Unsurprisingly, Dr Thiering's book caused a storm when it was released in her native Australia in 1990. It will undoubtedly do the same here. Dr Thiering, who describes her own creed as that of a 'social believer' after a strict Christian upbringing, has spent the past 20 years studying the Dead Sea Scrolls, the remarkable stash of documents uncovered at Qumran in 1947. The conventional wisdom among those granted access to the scrolls is that they are principally of use in further illuminating the Old Testament accounts. Dr Thiering, however, has focused on a smaller group of the scrolls thought to detail the life of the sect of Orthodox Jews, the Essenes, who lived at Qumran in the immediate pre-Christian period.

Challenging the dating of these scrolls and drawing parallels between the Essenes' beliefs and those of Jesus and his followers, Dr Thiering argues that the two are one and the same. Jesus was an Essene, born not in Bethlehem but in Qumran, and is the central figure - the 'Man of a Lie' who flouted the conventions of his day - whose story is told in the scrolls.

Dr Thiering's coup de theatre is to reveal the pesher code, a sort of cipher added to the New Testament accounts and only understandable in the light of the Dead Sea Scrolls. The basic idea is that the gospels work on two levels: for the masses a populist romance of Jesus going around performing miracles; another one for the knowledgeable, with the pesher enabling them to read the message into the story.

The peshers, according to Dr Thiering, were all to do with Qumran custom. Hence, when they read of Mary Magdalene anointing Jesus' feet, the cognoscenti would know that such a gesture was integral to the Qumrani wedding service. Ergo Jesus married Mary Magdalene - and had three children, the book then claims. The same method is used to debunk the Crucifixion, the Virgin Birth, the miracles, everything in the Christian canon that cannot be explained by reason. Jesus becomes just another interesting historical figure in the maze of Middle Eastern politics.

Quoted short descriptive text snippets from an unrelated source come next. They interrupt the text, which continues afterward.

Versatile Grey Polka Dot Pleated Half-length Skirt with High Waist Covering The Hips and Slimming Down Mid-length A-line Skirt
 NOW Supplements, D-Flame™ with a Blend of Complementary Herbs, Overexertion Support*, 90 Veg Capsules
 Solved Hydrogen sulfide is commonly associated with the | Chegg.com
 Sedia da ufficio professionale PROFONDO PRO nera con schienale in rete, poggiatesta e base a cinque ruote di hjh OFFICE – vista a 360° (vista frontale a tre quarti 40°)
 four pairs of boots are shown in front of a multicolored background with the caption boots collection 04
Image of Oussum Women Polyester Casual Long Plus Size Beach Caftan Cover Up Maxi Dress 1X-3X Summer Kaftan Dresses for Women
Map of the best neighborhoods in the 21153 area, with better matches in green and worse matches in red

Not having seen the Dead Sea Scrolls makes it difficult to dismiss such a proposition. But I felt distinctly uneasy as Dr Thiering breathlessly wrote off one Christian belief after another, having discovered the key to understanding with her pesher. It is all too easy, and as unsatisfying as being given a mathematical formula at school that enabled you to answer all the questions at the stroke of a pen. While the introduction suggests that Dr Thiering's research will 'open up a whole new understanding of historical Christianity', in effect it attempts to pull down the shutters on Christian faith, the things we trust in but cannot prove, for ever.